**Requirement**
Only one stretch of the records below is wanted: the lines from the one holding "Tee-shirt en maille homme blanc ICONETEE" through the one holding "Všude dobře, v". Return it exactly, both ends included.

** Opening Dataset excerpts block **

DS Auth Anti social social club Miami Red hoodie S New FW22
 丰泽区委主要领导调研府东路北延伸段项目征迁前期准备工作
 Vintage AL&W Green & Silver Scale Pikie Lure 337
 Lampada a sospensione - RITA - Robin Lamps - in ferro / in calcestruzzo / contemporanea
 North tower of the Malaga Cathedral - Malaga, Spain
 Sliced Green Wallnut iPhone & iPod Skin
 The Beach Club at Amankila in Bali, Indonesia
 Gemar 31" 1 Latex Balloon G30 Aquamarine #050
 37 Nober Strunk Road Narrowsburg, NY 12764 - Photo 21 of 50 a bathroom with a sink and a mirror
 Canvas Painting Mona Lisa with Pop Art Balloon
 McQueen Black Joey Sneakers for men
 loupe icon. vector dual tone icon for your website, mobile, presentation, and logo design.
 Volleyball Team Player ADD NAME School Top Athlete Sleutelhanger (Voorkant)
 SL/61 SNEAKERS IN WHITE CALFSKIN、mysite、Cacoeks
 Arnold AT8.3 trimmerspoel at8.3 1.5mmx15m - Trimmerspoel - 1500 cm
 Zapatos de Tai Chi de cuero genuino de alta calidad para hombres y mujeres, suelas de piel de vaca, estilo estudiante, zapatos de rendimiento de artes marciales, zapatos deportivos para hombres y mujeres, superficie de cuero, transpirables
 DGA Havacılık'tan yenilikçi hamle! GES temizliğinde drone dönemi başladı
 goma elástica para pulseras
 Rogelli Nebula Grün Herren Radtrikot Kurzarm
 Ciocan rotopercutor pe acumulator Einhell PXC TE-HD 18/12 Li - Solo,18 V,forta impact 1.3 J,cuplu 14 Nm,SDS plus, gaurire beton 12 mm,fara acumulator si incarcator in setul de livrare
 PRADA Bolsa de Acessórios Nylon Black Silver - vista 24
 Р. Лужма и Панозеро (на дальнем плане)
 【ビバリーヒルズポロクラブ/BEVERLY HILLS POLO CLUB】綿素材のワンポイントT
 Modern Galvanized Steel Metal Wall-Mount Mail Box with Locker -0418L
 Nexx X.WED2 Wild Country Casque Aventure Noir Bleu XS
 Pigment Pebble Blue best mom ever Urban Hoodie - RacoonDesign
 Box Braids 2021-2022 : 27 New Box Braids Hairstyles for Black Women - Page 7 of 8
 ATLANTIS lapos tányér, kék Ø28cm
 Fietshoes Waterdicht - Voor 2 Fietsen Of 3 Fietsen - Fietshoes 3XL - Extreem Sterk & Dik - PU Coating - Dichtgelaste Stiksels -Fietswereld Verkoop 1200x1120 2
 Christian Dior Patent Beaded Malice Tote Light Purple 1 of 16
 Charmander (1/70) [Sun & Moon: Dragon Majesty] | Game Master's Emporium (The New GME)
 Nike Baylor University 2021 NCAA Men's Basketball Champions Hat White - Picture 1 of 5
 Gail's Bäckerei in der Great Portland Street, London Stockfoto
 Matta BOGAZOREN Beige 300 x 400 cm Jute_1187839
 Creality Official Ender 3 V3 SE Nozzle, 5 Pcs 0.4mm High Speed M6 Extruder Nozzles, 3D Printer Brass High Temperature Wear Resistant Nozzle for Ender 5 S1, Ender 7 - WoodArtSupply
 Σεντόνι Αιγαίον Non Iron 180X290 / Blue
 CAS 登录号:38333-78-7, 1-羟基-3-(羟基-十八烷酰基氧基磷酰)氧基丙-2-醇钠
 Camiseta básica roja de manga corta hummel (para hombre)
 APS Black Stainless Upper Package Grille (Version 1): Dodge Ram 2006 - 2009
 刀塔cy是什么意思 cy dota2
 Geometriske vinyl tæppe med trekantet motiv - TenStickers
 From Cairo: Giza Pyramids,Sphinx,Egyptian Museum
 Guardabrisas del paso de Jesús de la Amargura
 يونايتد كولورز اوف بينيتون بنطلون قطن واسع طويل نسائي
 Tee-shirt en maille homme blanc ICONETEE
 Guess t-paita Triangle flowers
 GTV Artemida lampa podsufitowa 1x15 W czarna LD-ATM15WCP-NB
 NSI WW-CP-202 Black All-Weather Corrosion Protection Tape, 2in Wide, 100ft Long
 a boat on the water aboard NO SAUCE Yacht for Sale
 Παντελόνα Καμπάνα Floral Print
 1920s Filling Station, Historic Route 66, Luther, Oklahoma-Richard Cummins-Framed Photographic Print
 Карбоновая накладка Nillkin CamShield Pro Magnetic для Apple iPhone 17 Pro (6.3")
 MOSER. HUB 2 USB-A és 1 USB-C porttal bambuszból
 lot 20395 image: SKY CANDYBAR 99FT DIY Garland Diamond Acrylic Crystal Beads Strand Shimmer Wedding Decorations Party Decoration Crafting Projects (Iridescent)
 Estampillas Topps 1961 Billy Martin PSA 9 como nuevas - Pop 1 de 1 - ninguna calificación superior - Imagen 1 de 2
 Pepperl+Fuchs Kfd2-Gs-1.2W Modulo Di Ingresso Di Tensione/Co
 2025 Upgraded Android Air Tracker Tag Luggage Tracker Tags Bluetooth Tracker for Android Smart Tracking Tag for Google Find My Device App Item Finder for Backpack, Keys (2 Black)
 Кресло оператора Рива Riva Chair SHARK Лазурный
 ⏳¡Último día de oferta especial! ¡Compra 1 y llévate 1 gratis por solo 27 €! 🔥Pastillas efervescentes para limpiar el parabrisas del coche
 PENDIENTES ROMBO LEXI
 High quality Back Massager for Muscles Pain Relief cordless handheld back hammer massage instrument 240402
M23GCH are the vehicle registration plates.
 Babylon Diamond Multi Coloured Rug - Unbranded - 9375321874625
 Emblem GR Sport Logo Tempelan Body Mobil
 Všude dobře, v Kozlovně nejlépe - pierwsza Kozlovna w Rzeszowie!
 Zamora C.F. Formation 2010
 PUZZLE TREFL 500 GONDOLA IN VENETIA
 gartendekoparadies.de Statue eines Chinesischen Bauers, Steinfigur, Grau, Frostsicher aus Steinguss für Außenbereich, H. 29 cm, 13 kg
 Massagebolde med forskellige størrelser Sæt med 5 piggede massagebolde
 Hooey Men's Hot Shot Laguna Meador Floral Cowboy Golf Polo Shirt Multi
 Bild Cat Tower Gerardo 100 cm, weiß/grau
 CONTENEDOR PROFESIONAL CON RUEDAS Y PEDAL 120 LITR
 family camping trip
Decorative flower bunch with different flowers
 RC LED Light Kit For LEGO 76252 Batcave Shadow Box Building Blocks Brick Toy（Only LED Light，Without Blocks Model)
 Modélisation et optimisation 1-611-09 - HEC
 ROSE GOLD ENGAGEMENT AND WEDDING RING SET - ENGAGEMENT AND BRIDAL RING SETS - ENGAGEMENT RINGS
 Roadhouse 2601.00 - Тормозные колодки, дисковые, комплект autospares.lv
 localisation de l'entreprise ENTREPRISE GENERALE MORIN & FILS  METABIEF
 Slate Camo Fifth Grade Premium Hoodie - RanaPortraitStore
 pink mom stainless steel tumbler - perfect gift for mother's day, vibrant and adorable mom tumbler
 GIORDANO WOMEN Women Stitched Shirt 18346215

** Closing Dataset excerpts block **

**Solution**
 Tee-shirt en maille homme blanc ICONETEE
 Guess t-paita Triangle flowers
 GTV Artemida lampa podsufitowa 1x15 W czarna LD-ATM15WCP-NB
 NSI WW-CP-202 Black All-Weather Corrosion Protection Tape, 2in Wide, 100ft Long
 a boat on the water aboard NO SAUCE Yacht for Sale
 Παντελόνα Καμπάνα Floral Print
 1920s Filling Station, Historic Route 66, Luther, Oklahoma-Richard Cummins-Framed Photographic Print
 Карбоновая накладка Nillkin CamShield Pro Magnetic для Apple iPhone 17 Pro (6.3")
 MOSER. HUB 2 USB-A és 1 USB-C porttal bambuszból
 lot 20395 image: SKY CANDYBAR 99FT DIY Garland Diamond Acrylic Crystal Beads Strand Shimmer Wedding Decorations Party Decoration Crafting Projects (Iridescent)
 Estampillas Topps 1961 Billy Martin PSA 9 como nuevas - Pop 1 de 1 - ninguna calificación superior - Imagen 1 de 2
 Pepperl+Fuchs Kfd2-Gs-1.2W Modulo Di Ingresso Di Tensione/Co
 2025 Upgraded Android Air Tracker Tag Luggage Tracker Tags Bluetooth Tracker for Android Smart Tracking Tag for Google Find My Device App Item Finder for Backpack, Keys (2 Black)
 Кресло оператора Рива Riva Chair SHARK Лазурный
 ⏳¡Último día de oferta especial! ¡Compra 1 y llévate 1 gratis por solo 27 €! 🔥Pastillas efervescentes para limpiar el parabrisas del coche
 PENDIENTES ROMBO LEXI
 High quality Back Massager for Muscles Pain Relief cordless handheld back hammer massage instrument 240402
M23GCH are the vehicle registration plates.
 Babylon Diamond Multi Coloured Rug - Unbranded - 9375321874625
 Emblem GR Sport Logo Tempelan Body Mobil
 Všude dobře, v Kozlovně nejlépe - pierwsza Kozlovna w Rzeszowie!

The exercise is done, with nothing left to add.